Doch bei 80 Prozent Luftfeuchtigkeit und Temperaturen um 30 Grad warf sie dieses ehrgeizige Ziel auf dem holprigen Ein-Kilometer-Kurs schnell über Bord und passte ihre Taktik an die Gegebenheiten an. „Tagsüber bin ich eher moderat gelaufen und habe mich von alkoholfreiem Bier ernährt, um dann nachts zu Höchstform aufzulaufen“, sagt Hausmann, für die das Ergebnis nach 24 Stunden zunächst eine Enttäuschung war: „Ich hatte gerade einmal 115 Kilometer zurückgelegt.“
Hausmann, die erst vor zwei Jahren vom Extrem-Laufen zum Gehen gewechselt ist, lag da aber auf dem vierten Gesamtrang aller Starter. Das war Ansporn genug, einen Zahn zuzulegen. Sie war eine der wenigen Geherinnen, die quasi nonstop ihre Runden drehte, während die Konkurrenz stundenlang schlief. „Wer schläft, der hat schon verloren“, meint Hausmann, die immer wieder Mühen hatte, im Gehen zu bleiben und nicht ins Laufen zu wechseln. Überall wachten die mit Feldstechern bewaffneten Regelhüter. Nach vier Tagen hatte die bei den Frauen souverän führende Würzburgerin auch Rang zwei im Gesamtklassement inne – und den wollte sie auch nicht mehr hergeben.

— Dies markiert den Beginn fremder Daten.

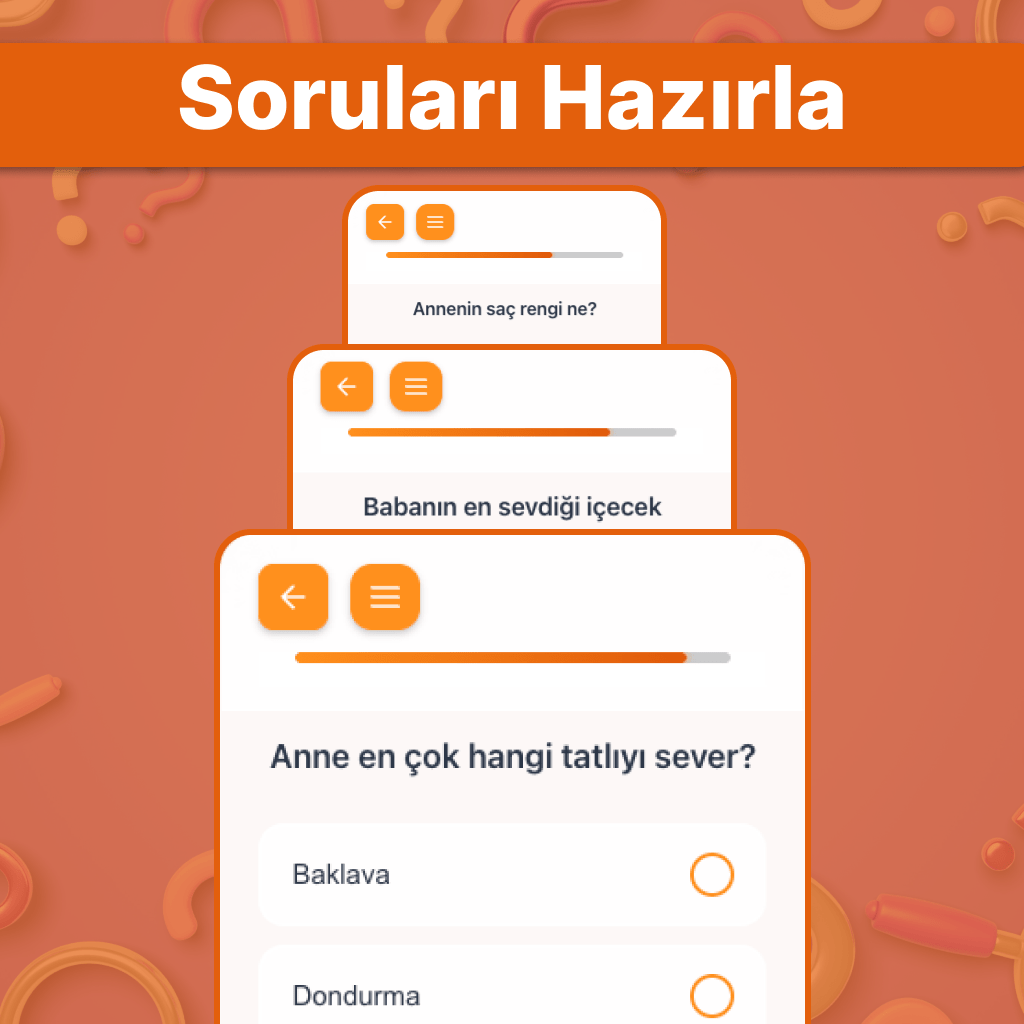 Soruları Hazırla, Çocuğuna Oynat! - Loventumm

Der versierte Geher Daniel Dauphin bekam dies zu spüren, der vier Tage lang versuchte, Hausmann einzuholen. Nach der Kilometerleistung schaute sie gar nicht mehr – sie war voll und ganz in die Jagd gegen Dauphin vertieft. Zum guten Glück hatte sie im Schotten Alan Young einen perfekten Betreuer zur Seite, der vom Sockenwaschen über Fußmassagen bis hin zur Eiscreme alles lieferte, was Hausmanns Herz in Frankreich begehrte. Die Würzburgerin hielt Dauphin schließlich auf einen Abstand zwischen acht und zehn Kilometern. Der vor ihr gehende Spanier Bernardo Jose-Mora war unangreifbar und marschierte stets 20 bis 30 Kilometer voraus. Der letzte Tag entpuppte sich zum heißesten Tag der Veranstaltung. Eine halbe Stunde vor Zielschluss, definitiv uneinholbar für den Nachfolger, legte Martina Hausmann vor dem Eingang zu den Duschen die Startnummer ab und beendete das Unternehmen als beste Frau nach 552,499 km. Der Spanier Jose Mora siegte mit zurückgelegten 581,183 Kilometern. Dritter wurde Daniel Dauphin aus Frankreich (543,218 km).